Maryland residents are at a very low risk of contracting Zika virus because of the colder climate, a University of Maryland School of Medicine professor said.
However, for students traveling to other countries, the the virus presents a much greater risk. The Centers for Disease Control and Prevention have released travel advisories for select countries in Central and South America.
The Zika virus, which the World Health Organization has declared a public health emergency, causes mild clinical symptoms in most people but is suspected to cause birth defects such as microcephaly — or abnormally small brains and heads — if contracted by a pregnant woman.
Senior bioengineering major Divya Jain is planning to travel to the Dominican Republic and said she is not too worried about contracting the virus.

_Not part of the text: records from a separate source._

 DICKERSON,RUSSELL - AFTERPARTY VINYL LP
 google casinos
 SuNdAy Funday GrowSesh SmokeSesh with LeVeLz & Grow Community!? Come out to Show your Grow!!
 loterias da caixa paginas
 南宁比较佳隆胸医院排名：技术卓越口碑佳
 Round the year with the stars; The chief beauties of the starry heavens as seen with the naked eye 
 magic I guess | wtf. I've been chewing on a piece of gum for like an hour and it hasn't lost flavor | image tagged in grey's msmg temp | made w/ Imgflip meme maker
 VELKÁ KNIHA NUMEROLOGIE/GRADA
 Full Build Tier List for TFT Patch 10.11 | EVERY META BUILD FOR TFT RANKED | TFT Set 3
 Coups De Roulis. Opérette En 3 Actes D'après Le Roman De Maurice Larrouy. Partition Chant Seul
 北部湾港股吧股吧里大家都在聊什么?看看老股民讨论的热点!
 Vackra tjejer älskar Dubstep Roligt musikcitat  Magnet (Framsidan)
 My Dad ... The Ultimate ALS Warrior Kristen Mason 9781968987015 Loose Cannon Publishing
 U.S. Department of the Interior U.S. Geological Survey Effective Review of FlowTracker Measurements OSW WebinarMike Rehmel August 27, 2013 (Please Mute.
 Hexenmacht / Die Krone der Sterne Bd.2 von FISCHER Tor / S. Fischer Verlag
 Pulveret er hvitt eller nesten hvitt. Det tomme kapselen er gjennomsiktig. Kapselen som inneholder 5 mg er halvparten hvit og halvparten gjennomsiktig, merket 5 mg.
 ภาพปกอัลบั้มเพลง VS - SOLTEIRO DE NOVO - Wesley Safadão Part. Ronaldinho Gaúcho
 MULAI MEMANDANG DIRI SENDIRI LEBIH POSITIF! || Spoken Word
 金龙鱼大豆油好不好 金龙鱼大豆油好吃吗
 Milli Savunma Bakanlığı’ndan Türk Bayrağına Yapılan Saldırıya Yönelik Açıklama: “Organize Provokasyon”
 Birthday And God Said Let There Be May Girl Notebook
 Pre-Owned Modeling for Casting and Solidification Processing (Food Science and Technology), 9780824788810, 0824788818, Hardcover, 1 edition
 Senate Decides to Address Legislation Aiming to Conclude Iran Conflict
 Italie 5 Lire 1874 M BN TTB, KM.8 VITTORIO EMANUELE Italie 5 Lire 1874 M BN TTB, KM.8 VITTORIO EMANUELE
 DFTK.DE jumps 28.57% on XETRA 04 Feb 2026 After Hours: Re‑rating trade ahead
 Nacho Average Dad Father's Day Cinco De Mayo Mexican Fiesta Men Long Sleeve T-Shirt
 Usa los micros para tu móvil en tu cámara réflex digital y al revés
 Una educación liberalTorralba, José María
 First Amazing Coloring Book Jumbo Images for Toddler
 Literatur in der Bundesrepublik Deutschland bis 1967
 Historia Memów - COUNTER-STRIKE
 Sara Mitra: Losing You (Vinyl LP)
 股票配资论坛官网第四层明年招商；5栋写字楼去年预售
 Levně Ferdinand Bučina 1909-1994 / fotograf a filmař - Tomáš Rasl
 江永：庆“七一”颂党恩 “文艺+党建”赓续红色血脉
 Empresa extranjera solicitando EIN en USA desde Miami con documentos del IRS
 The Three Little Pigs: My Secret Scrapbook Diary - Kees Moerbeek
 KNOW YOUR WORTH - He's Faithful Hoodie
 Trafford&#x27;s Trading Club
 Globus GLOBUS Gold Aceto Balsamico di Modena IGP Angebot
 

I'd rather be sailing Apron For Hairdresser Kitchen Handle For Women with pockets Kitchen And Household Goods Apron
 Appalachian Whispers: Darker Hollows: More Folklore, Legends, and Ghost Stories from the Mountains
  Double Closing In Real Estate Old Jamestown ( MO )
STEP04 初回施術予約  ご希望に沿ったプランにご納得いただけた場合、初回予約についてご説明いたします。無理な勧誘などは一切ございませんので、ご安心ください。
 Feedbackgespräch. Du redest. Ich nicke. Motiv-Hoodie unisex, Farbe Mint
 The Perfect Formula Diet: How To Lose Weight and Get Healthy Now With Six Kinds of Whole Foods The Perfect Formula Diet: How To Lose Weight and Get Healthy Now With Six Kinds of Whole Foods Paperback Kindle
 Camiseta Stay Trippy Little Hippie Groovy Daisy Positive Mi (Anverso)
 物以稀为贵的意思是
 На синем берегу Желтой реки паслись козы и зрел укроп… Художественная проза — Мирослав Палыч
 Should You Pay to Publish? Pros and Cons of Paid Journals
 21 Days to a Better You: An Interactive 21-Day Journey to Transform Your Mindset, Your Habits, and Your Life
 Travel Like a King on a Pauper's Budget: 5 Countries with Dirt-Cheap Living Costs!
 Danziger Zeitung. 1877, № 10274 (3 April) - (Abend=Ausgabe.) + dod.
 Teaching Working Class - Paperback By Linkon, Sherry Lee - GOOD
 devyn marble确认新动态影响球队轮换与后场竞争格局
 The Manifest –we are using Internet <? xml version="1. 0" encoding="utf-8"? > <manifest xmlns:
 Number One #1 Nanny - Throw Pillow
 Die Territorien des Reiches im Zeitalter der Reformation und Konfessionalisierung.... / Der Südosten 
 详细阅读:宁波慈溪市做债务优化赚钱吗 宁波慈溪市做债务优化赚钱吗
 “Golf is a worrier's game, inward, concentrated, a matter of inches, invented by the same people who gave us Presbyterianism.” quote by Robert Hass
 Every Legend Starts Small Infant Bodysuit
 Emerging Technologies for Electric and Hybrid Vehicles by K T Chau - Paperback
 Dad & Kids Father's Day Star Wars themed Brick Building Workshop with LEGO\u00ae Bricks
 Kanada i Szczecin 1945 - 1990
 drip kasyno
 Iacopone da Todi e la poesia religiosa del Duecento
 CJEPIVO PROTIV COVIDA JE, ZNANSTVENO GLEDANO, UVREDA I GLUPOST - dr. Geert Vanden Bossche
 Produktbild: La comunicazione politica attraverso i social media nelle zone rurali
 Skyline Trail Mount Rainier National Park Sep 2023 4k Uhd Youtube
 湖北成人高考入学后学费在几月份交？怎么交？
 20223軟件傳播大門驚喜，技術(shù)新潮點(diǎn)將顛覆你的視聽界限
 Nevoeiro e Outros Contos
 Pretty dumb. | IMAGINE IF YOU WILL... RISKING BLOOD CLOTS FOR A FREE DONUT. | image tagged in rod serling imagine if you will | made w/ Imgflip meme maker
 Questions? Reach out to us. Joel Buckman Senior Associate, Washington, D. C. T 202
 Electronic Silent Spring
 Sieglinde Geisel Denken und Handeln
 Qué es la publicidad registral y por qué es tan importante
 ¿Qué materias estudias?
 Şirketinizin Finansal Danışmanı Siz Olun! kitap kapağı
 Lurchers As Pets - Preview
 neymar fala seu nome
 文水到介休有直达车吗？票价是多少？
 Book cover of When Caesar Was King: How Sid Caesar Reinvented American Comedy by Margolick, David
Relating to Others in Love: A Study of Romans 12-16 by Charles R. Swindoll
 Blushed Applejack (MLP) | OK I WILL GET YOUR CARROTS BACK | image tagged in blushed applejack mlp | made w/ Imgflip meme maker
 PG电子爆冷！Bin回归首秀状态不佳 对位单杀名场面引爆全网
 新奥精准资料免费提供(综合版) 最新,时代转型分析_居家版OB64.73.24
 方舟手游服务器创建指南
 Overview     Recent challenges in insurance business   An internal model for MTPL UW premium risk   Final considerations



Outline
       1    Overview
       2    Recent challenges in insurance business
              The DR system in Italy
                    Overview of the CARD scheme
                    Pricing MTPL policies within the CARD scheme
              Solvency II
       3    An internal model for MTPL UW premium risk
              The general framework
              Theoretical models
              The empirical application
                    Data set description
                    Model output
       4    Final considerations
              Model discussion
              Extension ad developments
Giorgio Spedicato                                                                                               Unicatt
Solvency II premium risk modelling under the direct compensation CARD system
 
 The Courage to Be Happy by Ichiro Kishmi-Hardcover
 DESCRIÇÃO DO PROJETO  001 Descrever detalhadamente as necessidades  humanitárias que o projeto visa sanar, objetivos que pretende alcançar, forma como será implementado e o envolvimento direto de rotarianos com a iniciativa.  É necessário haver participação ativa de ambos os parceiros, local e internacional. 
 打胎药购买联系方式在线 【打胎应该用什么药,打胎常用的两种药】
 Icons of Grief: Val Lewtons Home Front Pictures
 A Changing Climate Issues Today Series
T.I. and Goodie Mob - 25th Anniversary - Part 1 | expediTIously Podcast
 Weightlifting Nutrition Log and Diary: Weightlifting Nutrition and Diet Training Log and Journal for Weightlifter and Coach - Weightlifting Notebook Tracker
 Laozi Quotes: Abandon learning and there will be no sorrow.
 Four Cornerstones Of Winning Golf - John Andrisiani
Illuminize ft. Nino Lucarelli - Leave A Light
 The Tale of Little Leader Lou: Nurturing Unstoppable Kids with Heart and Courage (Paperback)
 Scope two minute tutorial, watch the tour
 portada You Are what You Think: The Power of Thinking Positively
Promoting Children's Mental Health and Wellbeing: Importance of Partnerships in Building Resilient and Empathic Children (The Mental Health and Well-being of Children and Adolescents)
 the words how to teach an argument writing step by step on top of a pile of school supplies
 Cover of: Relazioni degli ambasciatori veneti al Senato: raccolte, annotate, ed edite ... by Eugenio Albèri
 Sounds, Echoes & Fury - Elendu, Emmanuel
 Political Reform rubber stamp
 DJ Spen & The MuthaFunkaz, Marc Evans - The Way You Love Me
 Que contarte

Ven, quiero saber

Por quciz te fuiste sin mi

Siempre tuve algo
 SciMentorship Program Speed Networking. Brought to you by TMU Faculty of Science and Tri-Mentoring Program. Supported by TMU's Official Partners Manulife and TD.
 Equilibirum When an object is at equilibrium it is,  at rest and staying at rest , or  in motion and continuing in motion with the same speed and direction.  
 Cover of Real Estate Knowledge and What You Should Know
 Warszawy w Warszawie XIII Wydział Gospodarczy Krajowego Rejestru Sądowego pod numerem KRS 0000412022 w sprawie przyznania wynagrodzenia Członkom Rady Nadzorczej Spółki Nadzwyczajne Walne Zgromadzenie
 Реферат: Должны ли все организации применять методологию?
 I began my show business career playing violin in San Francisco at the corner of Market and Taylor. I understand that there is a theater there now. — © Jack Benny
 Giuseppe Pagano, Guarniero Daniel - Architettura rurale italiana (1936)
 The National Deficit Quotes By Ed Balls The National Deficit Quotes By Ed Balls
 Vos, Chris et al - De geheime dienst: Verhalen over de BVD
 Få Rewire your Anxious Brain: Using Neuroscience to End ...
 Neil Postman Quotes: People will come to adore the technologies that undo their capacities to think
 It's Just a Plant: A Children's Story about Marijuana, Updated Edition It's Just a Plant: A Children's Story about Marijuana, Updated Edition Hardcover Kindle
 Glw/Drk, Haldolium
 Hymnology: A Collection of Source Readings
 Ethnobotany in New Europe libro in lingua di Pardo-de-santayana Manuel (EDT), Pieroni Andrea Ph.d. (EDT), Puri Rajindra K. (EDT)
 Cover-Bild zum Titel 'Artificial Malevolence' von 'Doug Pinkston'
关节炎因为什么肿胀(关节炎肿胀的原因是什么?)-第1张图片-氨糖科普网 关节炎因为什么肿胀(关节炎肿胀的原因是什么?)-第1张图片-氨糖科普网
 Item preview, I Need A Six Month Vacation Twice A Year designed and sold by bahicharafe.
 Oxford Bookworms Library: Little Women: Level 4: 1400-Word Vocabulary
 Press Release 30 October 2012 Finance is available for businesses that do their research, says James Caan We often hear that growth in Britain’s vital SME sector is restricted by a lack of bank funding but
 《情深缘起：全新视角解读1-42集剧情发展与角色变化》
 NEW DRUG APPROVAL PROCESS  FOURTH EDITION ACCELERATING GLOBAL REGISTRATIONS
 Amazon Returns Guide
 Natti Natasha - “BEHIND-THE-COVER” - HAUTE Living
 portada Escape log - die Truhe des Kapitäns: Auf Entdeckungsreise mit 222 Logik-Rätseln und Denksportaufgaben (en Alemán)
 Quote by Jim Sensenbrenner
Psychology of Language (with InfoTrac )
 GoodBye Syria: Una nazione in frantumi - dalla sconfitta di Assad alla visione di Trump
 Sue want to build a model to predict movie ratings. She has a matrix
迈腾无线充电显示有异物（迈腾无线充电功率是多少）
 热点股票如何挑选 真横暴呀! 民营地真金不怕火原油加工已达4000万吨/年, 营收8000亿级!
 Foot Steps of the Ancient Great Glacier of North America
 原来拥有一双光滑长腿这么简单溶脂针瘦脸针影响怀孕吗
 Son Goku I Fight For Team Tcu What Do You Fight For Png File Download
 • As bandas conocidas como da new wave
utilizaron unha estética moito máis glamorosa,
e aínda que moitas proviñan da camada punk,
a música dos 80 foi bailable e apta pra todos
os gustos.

“I’m not too, too concerned. … It doesn’t seem like a lot of people have been too negatively impacted, except for pregnant women and obviously their children,” Jain said.
However, Victor Ramos, a sophomore enrolled in letters and sciences who recently returned from a month in Brazil, where the virus is very prevalent, said, “It’s kind of scary at times.”
Ramos said that in general, he is not worried about his own health being affected by the Zika virus, but more so for his family in Brazil.
“My aunt is recently pregnant and she just moved … so it’s warmer and there’s been a lot more cases happening around her area too,” he said. “Being pregnant at 50 has its risks. This on top of it makes it even more worrisome.”
Jon Mark Hirshon, a professor in the emergency medicine and epidemiology and public health departments at the medical school, said that “in general, you don’t see it in the United States.”
However, the CDC confirmed Tuesday that the Zika virus was sexually transmitted in Texas.
This is the first instance of someone contracting the virus while in the country; all other reported cases were contracted by travelers outside of the country, according to the CDC.
Hirshon said that the risk of contracting the virus is not something to be worried about for most of the United States, though the virus has appeared in 24 countries and the WHO estimates that 3 million to 4 million people in the Americas will be infected with the virus in the next year.
“It’s a potential that it gets transmitted [here], but it’s unlikely,” Hirshon said. “It’s primarily seen in more tropical areas … someplace the mosquito can live.”
The Aedes aegypti mosquito, which carries the virus, mostly lives in places with higher humidity and temperature, so it might be able to thrive in areas near the Gulf of Mexico such as Florida and Texas, he said. This mosquito also carries other dangerous diseases such as the dengue and Chikungunya viruses.
“I just know some people are kind of careless about it,” Ramos said, “[but] the widespread danger of it is making people more cautious.”